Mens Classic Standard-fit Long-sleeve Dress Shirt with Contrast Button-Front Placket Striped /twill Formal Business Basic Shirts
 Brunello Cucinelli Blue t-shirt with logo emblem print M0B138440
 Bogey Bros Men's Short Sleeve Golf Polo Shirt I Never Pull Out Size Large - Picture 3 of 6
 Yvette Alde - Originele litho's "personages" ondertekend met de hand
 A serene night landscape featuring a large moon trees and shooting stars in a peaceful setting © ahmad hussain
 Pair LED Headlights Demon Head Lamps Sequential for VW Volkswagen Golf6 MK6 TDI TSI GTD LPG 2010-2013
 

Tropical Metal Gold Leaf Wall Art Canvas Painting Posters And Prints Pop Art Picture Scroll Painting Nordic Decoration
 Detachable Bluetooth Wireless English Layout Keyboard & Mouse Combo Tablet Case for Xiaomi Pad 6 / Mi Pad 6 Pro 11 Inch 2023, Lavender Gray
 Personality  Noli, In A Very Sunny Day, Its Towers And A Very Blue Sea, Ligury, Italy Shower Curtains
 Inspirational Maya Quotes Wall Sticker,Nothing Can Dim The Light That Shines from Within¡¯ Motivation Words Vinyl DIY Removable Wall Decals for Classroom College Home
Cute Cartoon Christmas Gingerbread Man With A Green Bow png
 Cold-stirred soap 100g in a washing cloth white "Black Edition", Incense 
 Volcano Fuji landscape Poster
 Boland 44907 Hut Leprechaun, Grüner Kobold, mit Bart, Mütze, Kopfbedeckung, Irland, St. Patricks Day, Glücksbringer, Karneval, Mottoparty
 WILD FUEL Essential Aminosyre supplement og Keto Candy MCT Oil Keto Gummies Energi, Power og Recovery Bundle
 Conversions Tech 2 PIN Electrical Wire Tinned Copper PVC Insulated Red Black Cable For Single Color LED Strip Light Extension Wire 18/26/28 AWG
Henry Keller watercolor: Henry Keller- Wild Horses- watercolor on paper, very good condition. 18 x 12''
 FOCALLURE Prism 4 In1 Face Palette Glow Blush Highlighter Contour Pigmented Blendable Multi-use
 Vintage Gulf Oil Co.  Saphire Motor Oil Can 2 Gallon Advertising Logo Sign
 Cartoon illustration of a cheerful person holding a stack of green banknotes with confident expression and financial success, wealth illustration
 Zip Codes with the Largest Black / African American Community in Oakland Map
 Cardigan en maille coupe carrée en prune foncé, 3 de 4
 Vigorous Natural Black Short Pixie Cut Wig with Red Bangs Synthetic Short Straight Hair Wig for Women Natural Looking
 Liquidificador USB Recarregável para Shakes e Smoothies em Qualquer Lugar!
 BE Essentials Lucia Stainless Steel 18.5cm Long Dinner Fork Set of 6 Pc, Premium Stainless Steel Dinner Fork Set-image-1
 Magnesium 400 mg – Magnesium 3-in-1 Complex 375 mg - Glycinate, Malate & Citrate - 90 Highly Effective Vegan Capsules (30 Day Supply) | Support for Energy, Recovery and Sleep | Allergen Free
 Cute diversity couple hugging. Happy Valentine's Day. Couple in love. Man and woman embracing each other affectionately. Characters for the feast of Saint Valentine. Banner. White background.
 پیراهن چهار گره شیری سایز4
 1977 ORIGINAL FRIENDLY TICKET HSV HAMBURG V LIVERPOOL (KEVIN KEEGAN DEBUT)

• • • •

Return the material in full, exactly as shown.

*REPLY TO THE EXERCISE*:
Mens Classic Standard-fit Long-sleeve Dress Shirt with Contrast Button-Front Placket Striped /twill Formal Business Basic Shirts
 Brunello Cucinelli Blue t-shirt with logo emblem print M0B138440
 Bogey Bros Men's Short Sleeve Golf Polo Shirt I Never Pull Out Size Large - Picture 3 of 6
 Yvette Alde - Originele litho's "personages" ondertekend met de hand
 A serene night landscape featuring a large moon trees and shooting stars in a peaceful setting © ahmad hussain
 Pair LED Headlights Demon Head Lamps Sequential for VW Volkswagen Golf6 MK6 TDI TSI GTD LPG 2010-2013
 

Tropical Metal Gold Leaf Wall Art Canvas Painting Posters And Prints Pop Art Picture Scroll Painting Nordic Decoration
 Detachable Bluetooth Wireless English Layout Keyboard & Mouse Combo Tablet Case for Xiaomi Pad 6 / Mi Pad 6 Pro 11 Inch 2023, Lavender Gray
 Personality  Noli, In A Very Sunny Day, Its Towers And A Very Blue Sea, Ligury, Italy Shower Curtains
 Inspirational Maya Quotes Wall Sticker,Nothing Can Dim The Light That Shines from Within¡¯ Motivation Words Vinyl DIY Removable Wall Decals for Classroom College Home
Cute Cartoon Christmas Gingerbread Man With A Green Bow png
 Cold-stirred soap 100g in a washing cloth white "Black Edition", Incense 
 Volcano Fuji landscape Poster
 Boland 44907 Hut Leprechaun, Grüner Kobold, mit Bart, Mütze, Kopfbedeckung, Irland, St. Patricks Day, Glücksbringer, Karneval, Mottoparty
 WILD FUEL Essential Aminosyre supplement og Keto Candy MCT Oil Keto Gummies Energi, Power og Recovery Bundle
 Conversions Tech 2 PIN Electrical Wire Tinned Copper PVC Insulated Red Black Cable For Single Color LED Strip Light Extension Wire 18/26/28 AWG
Henry Keller watercolor: Henry Keller- Wild Horses- watercolor on paper, very good condition. 18 x 12''
 FOCALLURE Prism 4 In1 Face Palette Glow Blush Highlighter Contour Pigmented Blendable Multi-use
 Vintage Gulf Oil Co.  Saphire Motor Oil Can 2 Gallon Advertising Logo Sign
 Cartoon illustration of a cheerful person holding a stack of green banknotes with confident expression and financial success, wealth illustration
 Zip Codes with the Largest Black / African American Community in Oakland Map
 Cardigan en maille coupe carrée en prune foncé, 3 de 4
 Vigorous Natural Black Short Pixie Cut Wig with Red Bangs Synthetic Short Straight Hair Wig for Women Natural Looking
 Liquidificador USB Recarregável para Shakes e Smoothies em Qualquer Lugar!
 BE Essentials Lucia Stainless Steel 18.5cm Long Dinner Fork Set of 6 Pc, Premium Stainless Steel Dinner Fork Set-image-1
 Magnesium 400 mg – Magnesium 3-in-1 Complex 375 mg - Glycinate, Malate & Citrate - 90 Highly Effective Vegan Capsules (30 Day Supply) | Support for Energy, Recovery and Sleep | Allergen Free
 Cute diversity couple hugging. Happy Valentine's Day. Couple in love. Man and woman embracing each other affectionately. Characters for the feast of Saint Valentine. Banner. White background.
 پیراهن چهار گره شیری سایز4
 1977 ORIGINAL FRIENDLY TICKET HSV HAMBURG V LIVERPOOL (KEVIN KEEGAN DEBUT)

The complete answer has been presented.